The domain of a function includes all the possible values of the independent variable, often represented by \( x \), for which the function is defined. Simply put, it's the set of all input values that will not cause issues like division by zero or taking the square root of a negative number.

In our piecewise function example, the domain is constructed by examining each piece of the function separately. We have:

• \( x^2 - 2 \) valid for \( x < 1 \)
• \( -x^2 + 2 \) valid for \( x > 1 \)

The challenge here is understanding that there is no piece of the function that covers \( x = 1 \), as neither condition includes this point. Thus, it's excluded from the domain.

To express the domain of this piecewise function in mathematical terms, we combine the intervals from each piece, excluding \( x = 1 \). This gives us the domain as the union of \((-\infty, 1)\) and \((1, \infty)\), covering all real numbers except \( x = 1 \). Understanding domains like this is crucial in piecewise functions and ensures the function makes logical sense across its range.

Interval notation is a concise way of describing ranges of values, often used to express domains and ranges of functions. It uses brackets and parentheses to show the range boundaries:

• Round brackets \((a, b)\) indicate that the endpoints \(a\) and \(b\) are not included in the interval.
• Square brackets \([a, b] \) mean that endpoints \(a\) and \(b\) are included.
• Combining them, such as \((a, b] \) or \([a, b)\), indicates inclusion of one endpoint and exclusion of the other.

In our piecewise function, because it is not defined at \( x = 1 \), we use parentheses, indicating this value is not included. Therefore, the domain in interval notation is written as \((-\infty, 1) \cup (1, \infty)\). This conveys that the function accepts every real number except \( x = 1 \).

Interval notation is not limited to expressing just domains. It also neatly demonstrates other ranges and is a versatile tool in set theory and calculus. Understanding this notation allows students to communicate mathematical ideas clearly and efficiently.

Algebraic functions are built from basic operations such as addition, subtraction, multiplication, division, and root extraction. In piecewise functions, different algebraic rules are applied in separate sections of the domain.

In our exercise, we see this with:

• \( x^2 - 2 \) when \( x < 1 \), representing a simple parabola shifted downward by 2 units.
• \( -x^2 + 2 \) for \( x > 1 \), depicting an inverted parabola moved upward by 2 units.

Piecewise functions allow for different rules governing different segments of their domains. They are useful when situations do not align with one single mathematical expression.
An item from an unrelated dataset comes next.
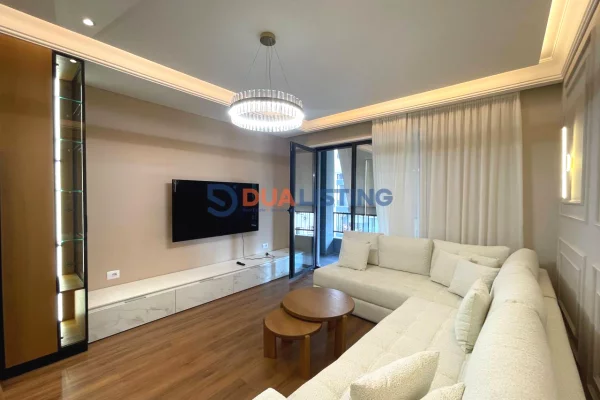 Shtepi me qera Apartament ne Tirane, 2+1, Mobilimi E mobiluar, Pagesa 750  Euro.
For example, real-world models like a taxi fare system could be piecewise when using different rates for varying distances.

Understanding these functions requires recognizing that each piece's domain dictates when it applies. Separately analyzing each segment, investigating how they interact at endpoints is key. For instance, realizing \( x = 1 \) is exclusive means identifying the piecewise boundaries are crucial for a precise depiction of the function's behavior. These algebraic functions in a piecewise arrangement demonstrate how a single function expresses varied mathematical principles across distinct intervals.